§ EXERCISE BRIEF:
Leaving the pictures aside, transcribe only and exactly the lines from the one with "Rev. Jon A." through the end of the entries, both included.

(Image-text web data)
........
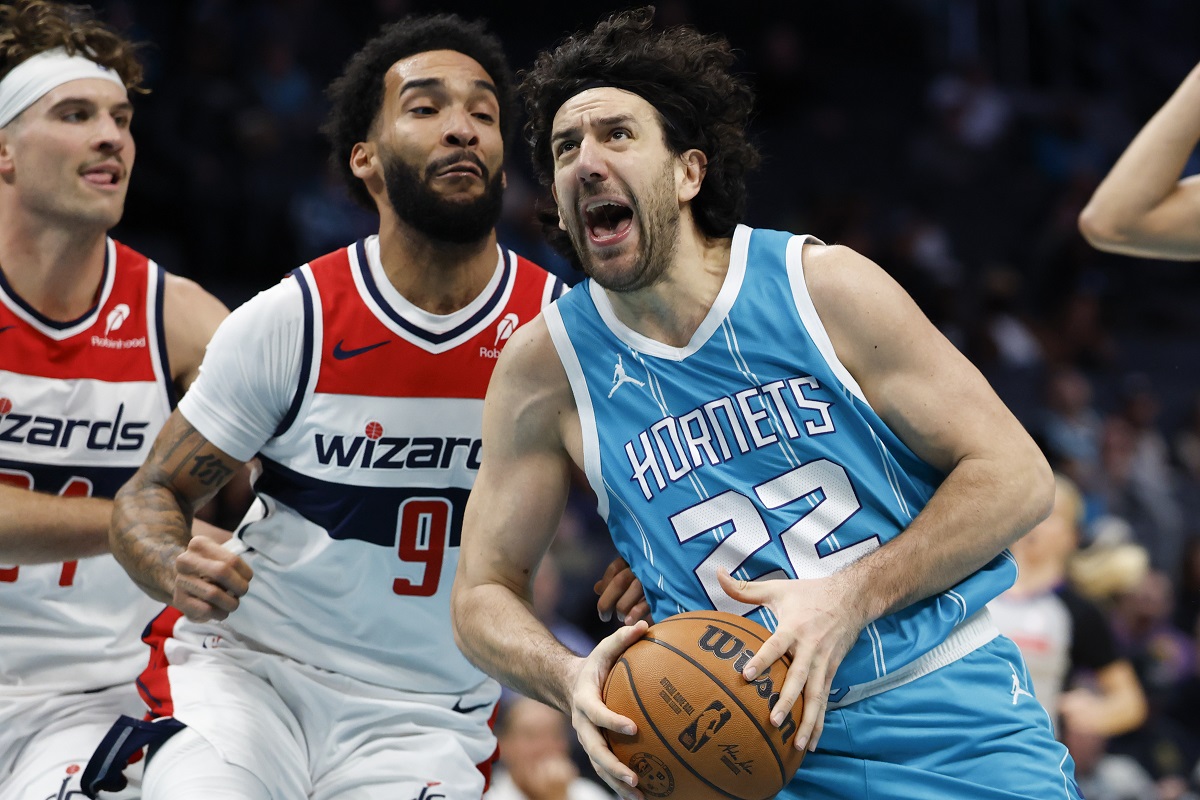 Charlotte Hornets guard Vasilije Micic (22) drives to the basket against Washington Wizards forward Justin Champagnie (9) during the first half of an NBA basketball game in Charlotte, N.C., Monday, Feb. 3, 2025. (AP Photo/Nell Redmond)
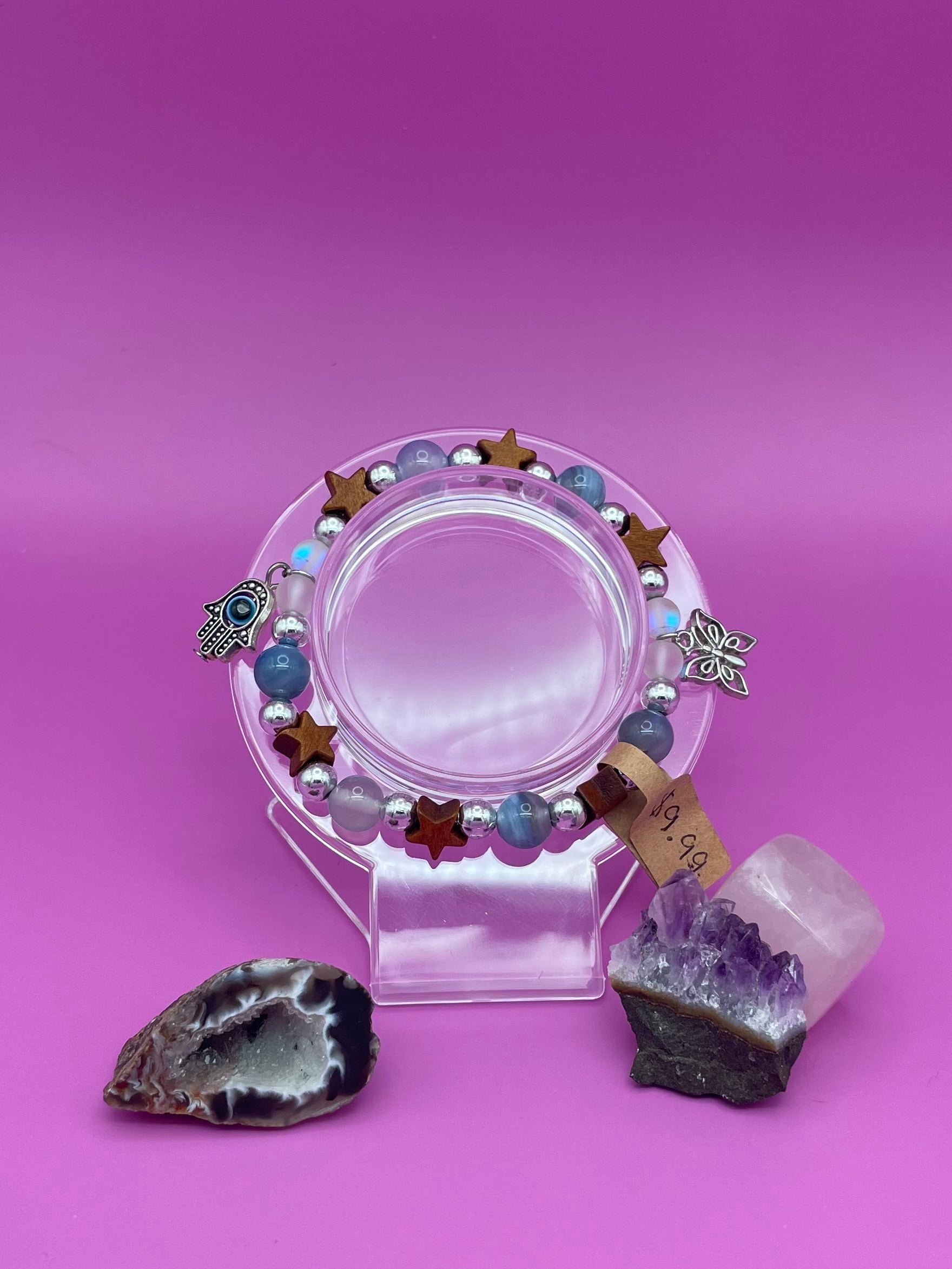 Bracelet with blue lace agate, wooden stars, and aura beads as well as two charms hanging on sides. A butterfly and an evil eye pendant, both silver.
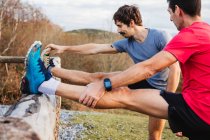 Vista lateral de joggers masculinos cansados em camisas azuis e vermelhas que se estendem na cerca de madeira depois de correr e treinar duro na colina verde — Fotografia de Stock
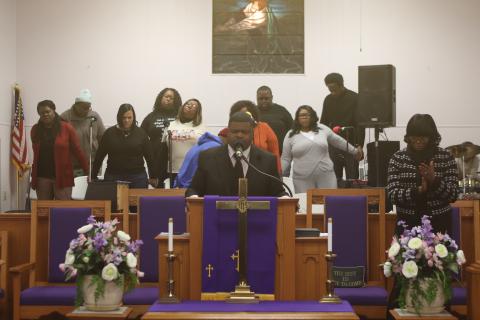 Rev. Jon A. Ingraham, pastor of New Mt. Pisgah AME Church, leads a  prayer during the MLK service on Monday morning. (TONY BRITT/Lake City Reporter)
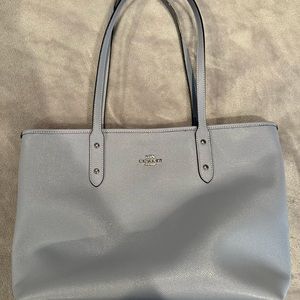 Light blue coach bag. Mild wear/use
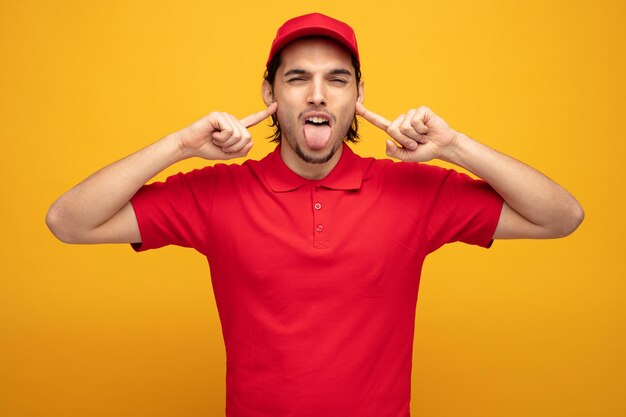 annoyed young delivery man wearing uniform and cap putting fingers in ears looking at camera showing tongue isolated on yellow background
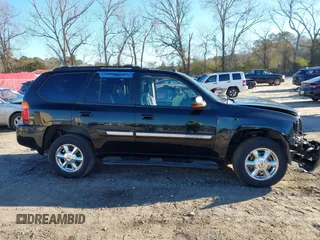 2005 GMC Envoy SLE with VIN 1GKDS13S152246568, listed as a IAAI auction lot 41293887 with 315,882 mi miles and . Bid and sale history available at DreamBid. Image 13.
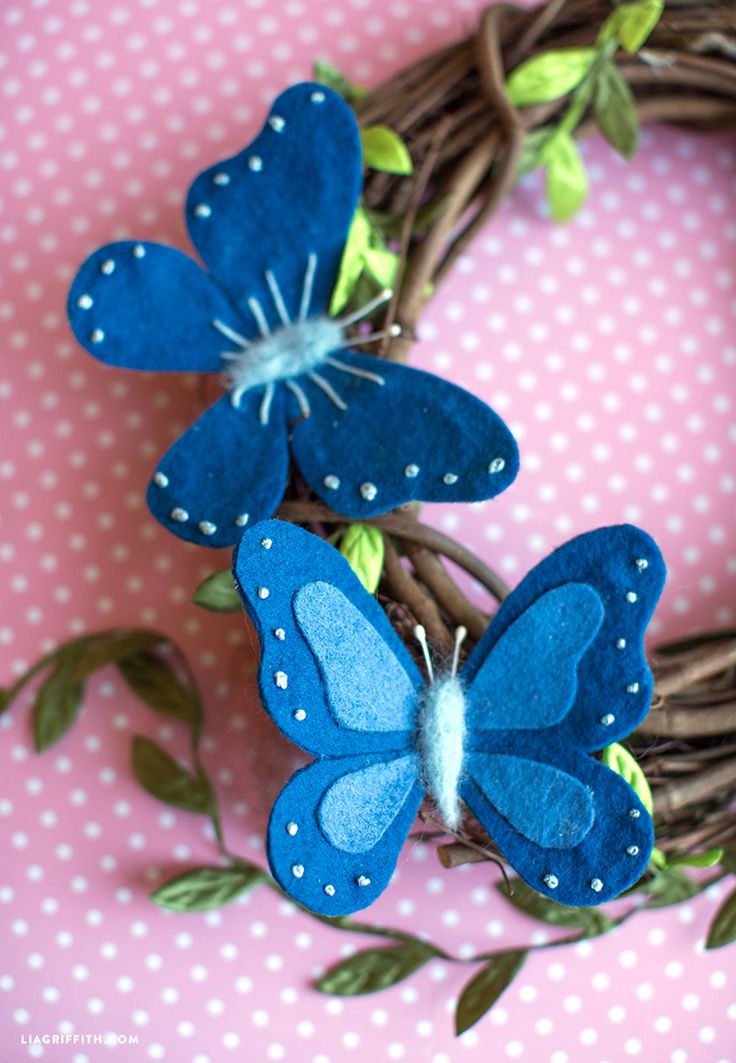 two blue butterflies sitting on top of a twig next to a wreath with green leaves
........
§ ANSWER TO THIS EXERCISE:
 Rev. Jon A. Ingraham, pastor of New Mt. Pisgah AME Church, leads a  prayer during the MLK service on Monday morning. (TONY BRITT/Lake City Reporter)
 Light blue coach bag. Mild wear/use
 annoyed young delivery man wearing uniform and cap putting fingers in ears looking at camera showing tongue isolated on yellow background
 2005 GMC Envoy SLE with VIN 1GKDS13S152246568, listed as a IAAI auction lot 41293887 with 315,882 mi miles and . Bid and sale history available at DreamBid. Image 13.
 two blue butterflies sitting on top of a twig next to a wreath with green leaves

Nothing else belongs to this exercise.